Bruised Skies, Silent Hearts
Everywhere I go, the world is noisy, unbearably loud. I can’t stand the sharpness of laughter that pierces the air. I struggle to understand today’s people—their ways, their minds. My friends were once like brothers to me. We spent Friday nights together, savoring the weekend as if it were sacred. But now, everything has changed. Faces are unmasked, and I can clearly see who’s my friend and who’s not.
I’m tired of falling into people’s hands like a losing card, shuffled and discarded. Judgment comes at me mercilessly from all sides. I’m no saint, but my needs feel ignored, my voice silenced. In my exile, my siblings are like sunsets—beautiful but distant. My parents are storms, rumbling and restless.
I wonder if my coworkers and so-called friends notice the bruises on my face. Sometimes, I can’t even find my own body, lost in the heaviness of burying a piece of myself alive. I wrote my final voiceless poem, but as a stateless man, the world gave me a name: The Kite.
They fly me against the wind, just to watch me falter, to see me suspended between the clouds and the earth, barely tethered. Those who mock my accent, the foreign characters with beautiful faces—they steal my breath with their words.
I hug a woman, not out of nervousness but to anchor myself. Yet I bleed brutally when I fly too far, becoming incurable, untouchable. My mother cried the day I was born, sensing something in my face—a mark, an omen—that none of my siblings carried. She calms my father whenever I come home drunk, but she never shares the truth with him or anyone else. Only my homeland knows the full weight of it.

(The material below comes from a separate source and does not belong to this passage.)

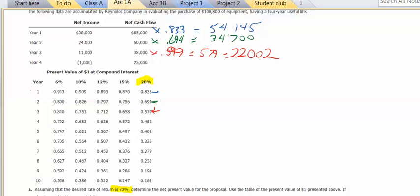And for the fourth year, I'll use 0.482. So that's $25,000 times 0.482, and that equals 12,050.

In my grandparents’ time, I would have been a leafless corpse on a mountaintop, touched by fingers and tongues seeking blessings. Now, I seek isolation—not to sin, but to find meaning. To bloom in peace. To live where butterflies don’t die from human greed, where roses aren’t picked in screams.
A child in an orphanage once celebrated his first birthday with nothing but wishes—soft, muted whispers. I don’t want to hear the world’s loudness anymore. I hear it all too clearly, but I can’t promise anything. I’ve been sitting in this metaphorical wheelchair for far too long.